Du hattest also alle erhältlichen 32 Zoll Modelle?


----------



## Venom89 (10. Mai 2019)

*AW: DVB-S2 Receiver für Sky CI+ Modul*

Seine Lese Kompetenz scheint auch nicht die beste zu sein.


----------



## Redrudi (10. Mai 2019)

*AW: DVB-S2 Receiver für Sky CI+ Modul*

Nun hat der Te immer noch keinen Resi.


----------



## DOcean (10. Mai 2019)

*AW: DVB-S2 Receiver für Sky CI+ Modul*

Online Handbuecher zu Sky Geraeten - Sky - Hilfecenter

Wer auf Nummer sicher gehen will nimmet eines der Geräte von der Liste....


----------



## fipS09 (10. Mai 2019)

*AW: DVB-S2 Receiver für Sky CI+ Modul*



DOcean schrieb:


> Online Handbuecher zu Sky Geraeten - Sky - Hilfecenter
> 
> Wer auf Nummer sicher gehen will nimmet eines der Geräte von der Liste....



wobei ich glaube das sind die Geräte die direkt mit Sky klar kommen, also ohne CI+ Modul. Laut der Beschreibung soll es mit jedem Gerät mit CI+ Schacht funktionieren, ob das wirklich so ist kann ich wie bereits erwähnt nicht sagen.


----------



## Redrudi (10. Mai 2019)

*AW: DVB-S2 Receiver für Sky CI+ Modul*

Hier eine Liste von Sky welcher Receiver getestet sind mit Modul.

https://www.sky.de/hilfecenter/medi...3f092e6002443/original/Liste-Receiver-Sky.pdf

Aber ehrlich,da würde ich mir lieber ein E2 hinstellen wo das Modul auch drin läuft und mir dadurch alle Möglichkeiten offen halten. Schon das man sich dort eine festplatte dranhängen kann mit allen möglichen Urlaubsfilmen.


----------



## colormix (11. Mai 2019)

*AW: DVB-S2 Receiver für Sky CI+ Modul*



Poulton schrieb:


> Du hattest also alle erhältlichen 32 Zoll Modelle?

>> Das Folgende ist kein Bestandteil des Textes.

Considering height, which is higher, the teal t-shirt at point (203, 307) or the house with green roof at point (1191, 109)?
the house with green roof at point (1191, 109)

Gesehen im Fachhandel , dazu muss man nicht alle Modelle haben  und gekauft haben , nur um einen TV Sender zu sehen würde ich nicht so ein großen Aufwand machen für die Gartenlaube , zu hause ist was anderes .


----------



## keinnick (11. Mai 2019)

*AW: DVB-S2 Receiver für Sky CI+ Modul*

Was quatscht Du eigentlich immer von "einem TV-Sender"? Ist Dir eigentlich klar, was mit Sky gemeint ist?


----------



## colormix (11. Mai 2019)

*AW: DVB-S2 Receiver für Sky CI+ Modul*



keinnick schrieb:


> Was quatscht Du eigentlich immer von "einem TV-Sender"? Ist Dir eigentlich klar, was mit Sky gemeint ist?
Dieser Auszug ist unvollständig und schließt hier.